Cops versus robbers; Jedi versus Sith; students versus administration; us versus them. Since the dawn of time (or the dawn of media), that’s how the pitched battle between positive and negative has always been framed. For many, it is easier to outline the debate between student rights and administrative policy in absolute terms. The reality, however, is quite different.
Both the administration and student body may want the same thing: a secure and academically challenging environment. The fact remains, however, that year after year the administration and students are unable to negotiate a successful resolution in both safety-related and academically-related arenas. This year especially reflects the difficulties that arise when the two schools groups integral to the fabric of the community fail to communicate. The administration’s tendency to avoid open discussion with the student body has resulted in the misalignment of the common goals of the student body and the administration into what are perceived as opposing ones.
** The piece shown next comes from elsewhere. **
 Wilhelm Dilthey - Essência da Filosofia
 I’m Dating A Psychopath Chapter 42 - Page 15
The fall term opened with increasingly restrictive rules, intended to limit the amount of space available to students. The library crackdown and policy of barring students from certain floors, while established to cut down on corridor noise and garbage, demonstrate the administration’s lack of understanding of student needs. Cramming students into crowded floors and closing the library to latecomers needlessly constrained students whose only “crime” was wanting a place to go during lunch and free periods.
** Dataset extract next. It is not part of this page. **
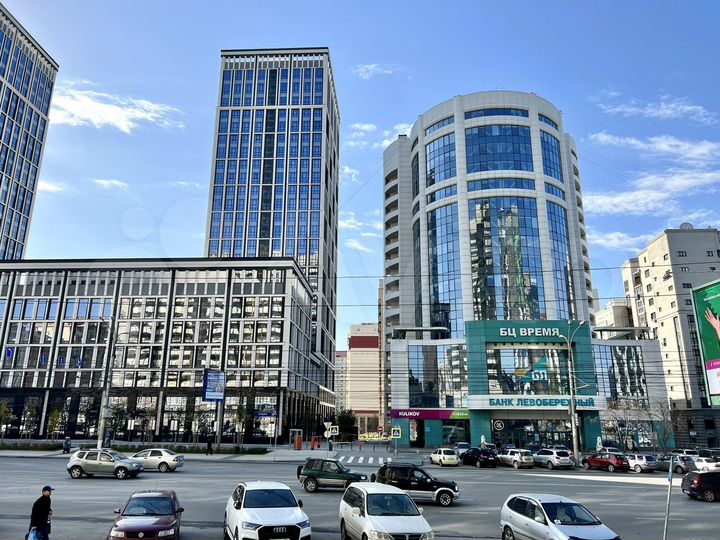 Помещение 2050 м² под SPA, фитнес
These “popular” measures were joined by the academic policy requiring all sophomores, starting next fall, to take Advanced Placement (AP) Global History or European History. Though the policy was implemented to compensate students who carry “equivalent” workloads, the administration didn’t consider the differences between the two courses and, once again, the needs of those who are most affected by its policy: the students. Instead of resolving the original problem, this plan might backfire and ultimately cause more harm.
On the heels of the AP History controversy came the decision to implement the last prong of “Teitel’s Trident,” the locker policy, which will be in effect come fall. The locker policy is not only futile, it also reflects the inability of the administration to negotiate and resolve problems in conjunction with the student body. The administration, obviously, prefers to ignore student concerns, thereby replacing student needs with administrative agenda.
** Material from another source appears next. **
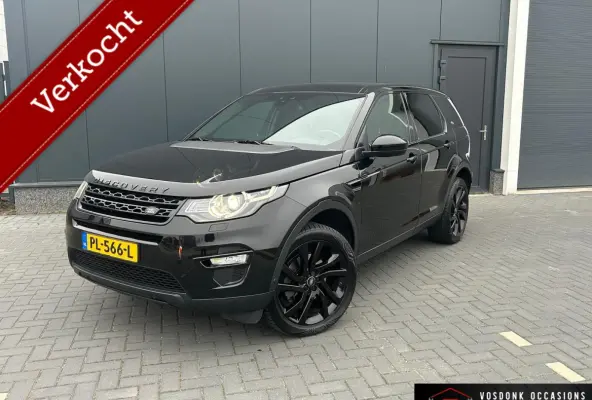 2.0 TD4 HSE Luxury/alle opties/ Nieuwstaat!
The administration has become increasingly dependent upon solutions such as these. Throughout the year, when seeking to solve problems, convenience and a false sense of security have taken precedence over innovation and rational dialogue. Both students and administrators understand the need for a secure environment, but a policy that provides no real increase in security and unnecessarily violates the right to privacy is unacceptable.
This year’s problems indicate the need for a solution. Luckily for the administration, this should be obvious. Students, through the SU and other student groups, take an active role in proposing and refining the policies that have such a huge impact on their everyday lives. Ultimately, the obligation to make policies that factor in the needs of the students and allow for open dialogue in every decision it makes, lies with the administration.